Reggie opened the door to a sight he hadn’t quite expected. Oh, she was as pretty as she had represented herself to be, and probably not too much older than she had claimed on the phone. But she hadn’t warned him that her hair was so shockingly red, and somehow he’d figured she would dress a bit more…conservatively.
“That’s not funny,” he replied, then “get in here before the neighbors see you.”
“Wow, what a Grinch,” she said, dusting the snow off of her fur-trimmed red coat. “What did you expect when you hired a hooker named Holly on Christmas Eve?”
“The agency’s ad said ‘discreet’.”
“Trust me, honey, I didn’t stand around on your porch any longer than I had to. And unless you’ve got lots of sweet young things coming in and out of here for other reasons, I sincerely doubt my seasonal getup raised any more eyebrows than my just being here in the first place did.”
“Yeah, I guess you’re right; I’ve just never done this before.” In response to her skeptical look, he added, “Had a girl come to my house, I mean.”

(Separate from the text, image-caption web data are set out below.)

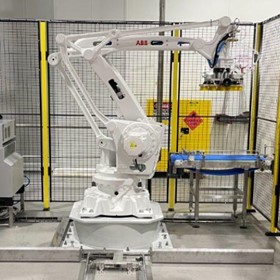 Robotic Palletiser | Collection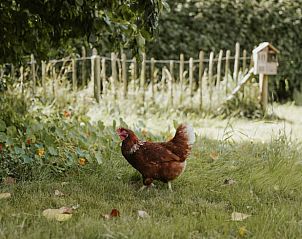 Verblijf 282717 - Vakantiewoning Rivierengebied - Vakantiehuisje in Altforst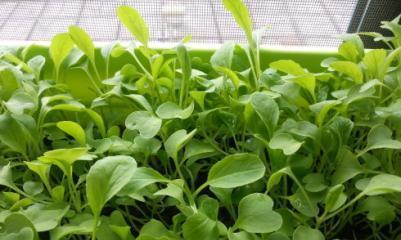 春天适合种什么菜？有哪些蔬菜是春季种植的最佳选择？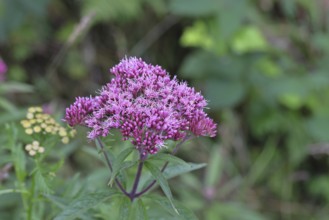 Hemp agrimony (Asteraceae), water hemp, Kunigundenkraut, flowering on a forest path, summer,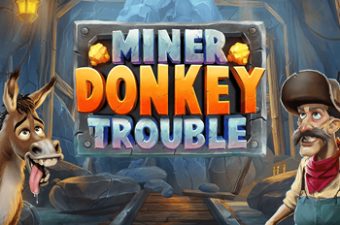 Miner Donkey Trouble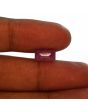 Ruby - 3.62 Carat 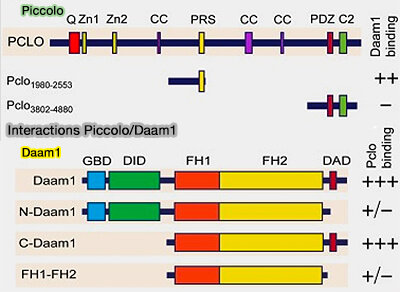 Interactions Piccolo/Daam1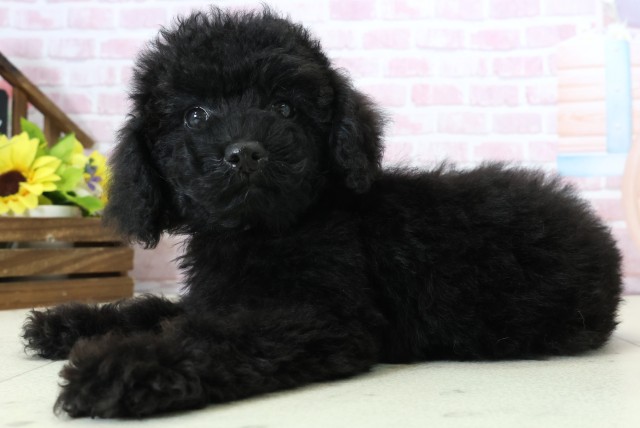 沖縄県のトイプードル(トイ) (Coo&RIKU沖縄浦添店/2025年11月26日生まれ/女の子/ブラック)の子犬の3枚目の画像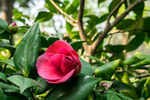 山茶花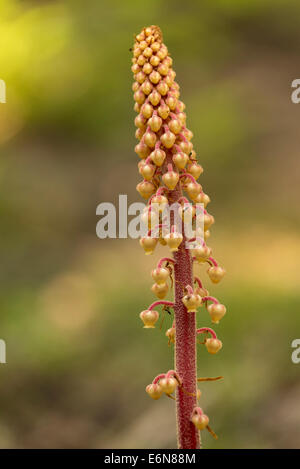 Pinedrops growing in the forest of the Wallowa Mountains, Oregon.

“Ah. Well, I don’t need to ask why you decided to start tonight.”
“What do you mean?”
“Lots of unmarried men call on holidays; it’s tough being alone when the entire culture is loudly extolling the joys of family for weeks on end.”
“You’re pretty smart.”
She shrugged. “Not smart enough to make grad school easy. Hey, do you have anything hot to drink? This outfit isn’t as warm as it looks.”
“Nothing ready, but we could make something in the kitchen.”

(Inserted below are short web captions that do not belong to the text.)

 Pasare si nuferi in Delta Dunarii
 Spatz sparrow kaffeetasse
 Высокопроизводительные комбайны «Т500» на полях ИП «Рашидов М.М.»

“Bitchin’. You got any cocoa?”
“I think I have some of the instant kind.”
She rolled her eyes. “It’ll have to do.” Then after looking around for a few moments: “Don’t you have a kettle?”

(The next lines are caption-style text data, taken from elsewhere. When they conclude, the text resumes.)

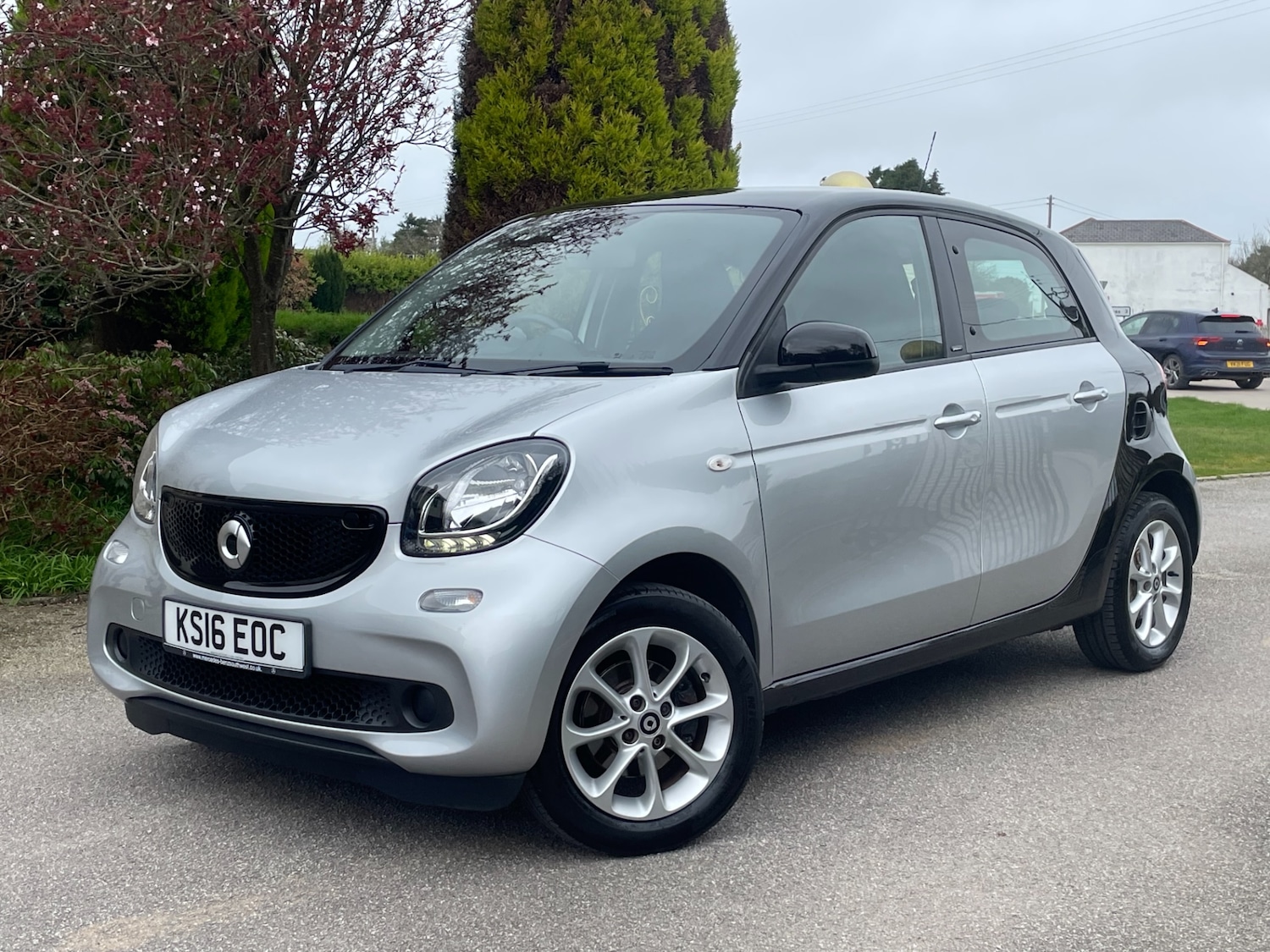 Used smart forfour 2016 for sale - 77902764: Photo 3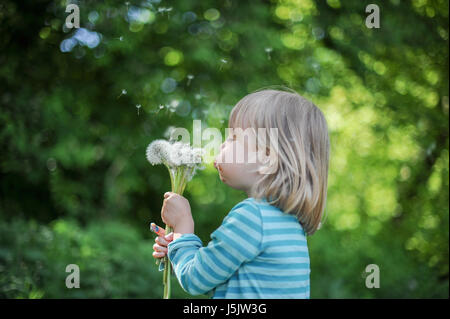 Little girl blowing dandelions outdoors Banque D'Images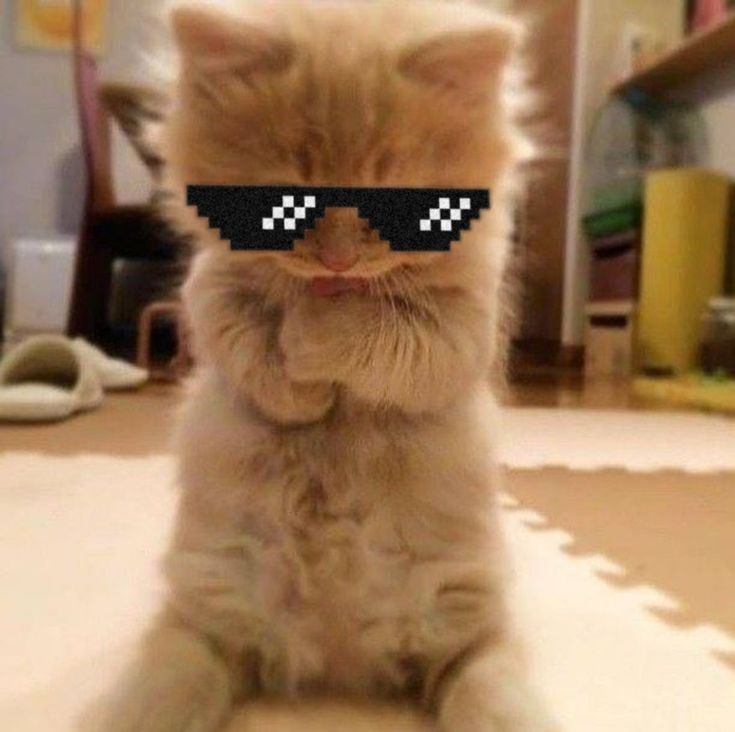 Avatar Mèo Ngáo 14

“You can heat up the water in the microwave oven.”
“Nah, I don’t trust those things. My mom got one last year, but I’m kind of afraid they might cause cancer.”
“Suit yourself,” he said, handing her a pot from the cupboard.
“Will you have some with me? I brought cookies.”
He laughed in spite of himself. “You’re quite a character.”
“So they tell me. Gingerbread or sugar?”
A few minutes later, they sat at the table, drinking cocoa and eating cookies; at some point she had deftly made the cash envelope disappear. And before too long he found himself telling her about the divorce, and the increasing pressures of work, and the sense of loss and loneliness he had hoped to dispel this evening in some way that didn’t involve drinking himself unconscious. The eventual move to the sofa was very natural, and for some reason he was completely unsurprised when she pulled a VHS copy of It’s a Wonderful Life out of her absurdly-large purse and suggested they watch it together.
When she finally dressed to go, it didn’t bother him at all that they hadn’t done what he thought he wanted to do when he opened the phone book; in fact, he was so happy with her that he pressed an extra $50 bill into her hand. She gave him a very warm and sincere hug, and as she opened the door to leave he could hear the bells of the nearby church signalling the beginning of midnight mass.
“Every time a bell rings…” she said, laughing.
He laughed with her, and then said, almost as an afterthought, “You never did tell me what you’re studying.”
“Psychology,” she replied, almost sheepishly.
“But of course. Thank you, Holly; you were wonderful.”
“You’re welcome. Merry Christmas, Reggie, and a very Happy New Year!”
“I’m certain now that it will be. I’ll call you again soon.”
“I hope so!” And then she danced across the lawn, stopping to catch a snowflake on her tongue before waving to him from the gate and disappearing into a night that now seemed far less cold to him than it had a few hours before.